__Dataset extract__.
-- Opening Marker --
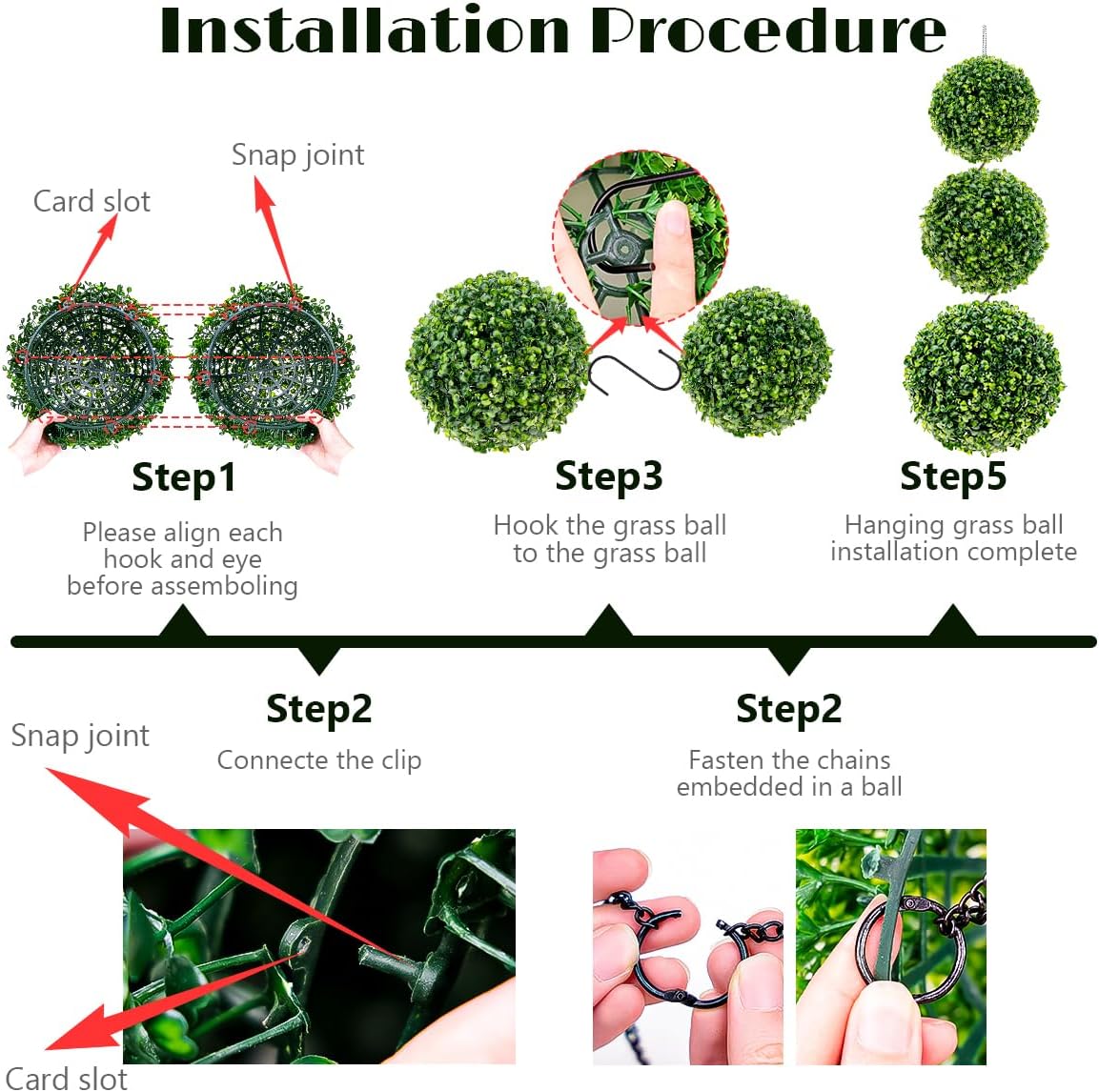 3 Pcs Artificial Boxwood Topiary Ball Set – Mixed Size, Hanging & Tabletop Removable White-Edged Faux Grass Balls, Lifelike Fake Plant Decor for Indoor Outdoor Garden Wedding Mantel Shelf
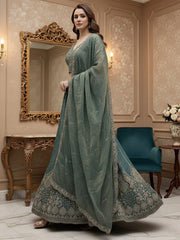 Dazzling Teal Blue Dori Embroidered Silk Wedding Wear Lehenga Choli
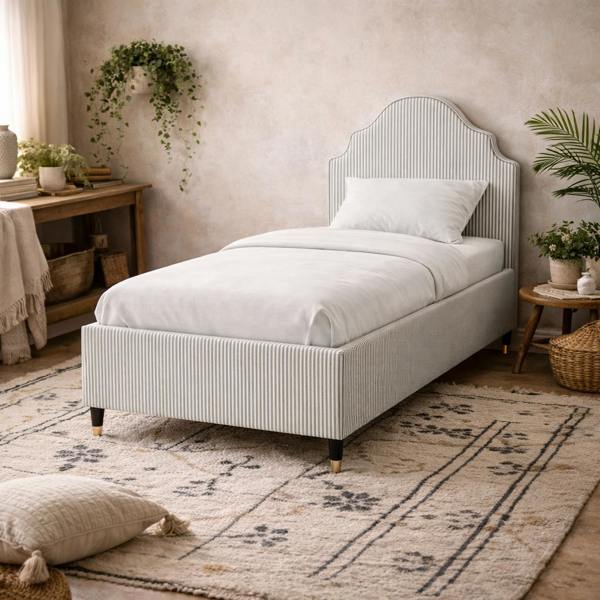 Wyld Haus Monterey 3FT Grey Thin Stripe Single Bed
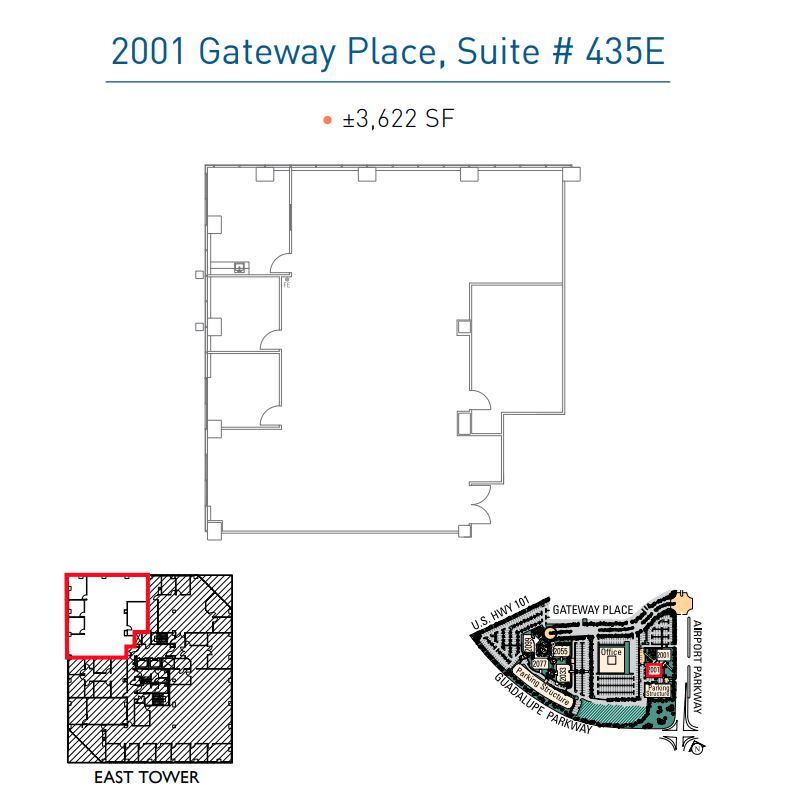 2001 Gateway Pl, San Jose, CA à louer Plan d’étage- Image 1 de 1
-- Closing Marker --
An exact copy of the listing is required, excluding any pictures.

 3 Pcs Artificial Boxwood Topiary Ball Set – Mixed Size, Hanging & Tabletop Removable White-Edged Faux Grass Balls, Lifelike Fake Plant Decor for Indoor Outdoor Garden Wedding Mantel Shelf
 Dazzling Teal Blue Dori Embroidered Silk Wedding Wear Lehenga Choli
 Wyld Haus Monterey 3FT Grey Thin Stripe Single Bed
 2001 Gateway Pl, San Jose, CA à louer Plan d’étage- Image 1 de 1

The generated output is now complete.